To construct the reality of Nashville, though, there was a necessity to erase what was before. In the late 1950s, Jefferson Street fell in part because of the intentional exclusion of African Americans from the future of Nashville at-large. In their approval for the construction of Interstate 40, Jefferson Street was destroyed by elected officials. Linda T. Wynn, an adjunct professor at Lipscomb University, found that citizens were so impacted by decisions about planning that they had no prior knowledge of the planning decisions. This design effectively eviscerated North Nashville by stunting its development. This process continues today, and was an intentional effort on the behalf of state governments to cut out African American communities. Through this construction of an “ideal” Nashville, city planners made clear that Black people were not envisioned in any vision for its future. This is not to say that Black life does not exist in Nashville, but to recognize that Black life thrives despite the efforts of an entire city to destroy it.
In the 21st century, choices to shape Nashville have become more glaringly obvious. The city has forged a story about country music to facilitate tourism, and in the process, has papered over the glaring inequalities that exist. For instance, More than 450 million dollars in 2021 were invested towards development in downtown, but notable inequality has continued. Instead of investments in public housing and making more equitable transportation, Nashville has left the inequality present in the city to fester. In perhaps more publicly obvious news, Nashville’s aesthetic molding has also grown apparent in the home it’s given to bachelorette culture. “Nashville’s bachelorette party culture encourages women to ‘celebrify’ themselves by supporting scopic economies through public amenities and social media sharing,” Vanderbilt communications professor Claire King wrote in a 2021 journal article, “while simultaneously reinforcing white, Eurocentric, cisheterosexual beauty norms refracted through fantasies about Southern womanhood.”

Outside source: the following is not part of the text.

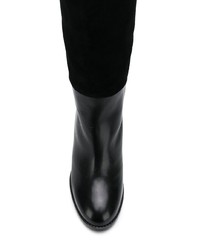 Черные замшевые сапоги от Stuart Weitzman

Ironically, Nashville’s new development has also been largely created on the backs of construction workers. These workers are primarily Latino residents in Nashville. In a 2018 report by the Guardian, it is highlighted that Nashville still remains an incredibly dangerous city for members of this field. On a phone call this past November, Xotchil Lopez , a volunteer organizer at Worker’s Dignity told me about how these realities have material impacts for the people they endanger.“Nashville is actually one of the top cities for the worst labor practices and the conditions are horrible,” she said. “You have people dying in construction sites and no one cares. There’s no regulation really and in terms of OSHA there are 34 people assigned for Nashville. There’s no one really holding the people accountable — the general contractors or the companies — and every year the conditions get worse.” (According to a report by the Federal Annual Monitory and Evaluation, there were 39 safety compliance officers and 24 health compliance workers for the entire state of Tennessee as of 2021.)
Lopez’s comments show how local residents are literally building the future for a city that they may not be able to enjoy. This is even more disheartening given the average age of construction workers who are dying at work sites are 17 to 18 years olds — in one case, a worker as young as 16 years old was reported dead. Even Vanderbilt is complicit — in the construction of Rothschild, a construction worker was found dead in 2022. The ever-present danger of the future continues to loom heavily on the city — both figuratively and literally.
When reflecting on where Nashville may go in the future, I often try to remain optimistic. But in an era of tourism that constantly seeks the most “authentic and niche experience,” locals are pushed away, leaving an inauthentic shell of a city rather than the unique fibers and history that hold it together. How great can a future really be if it costs the present?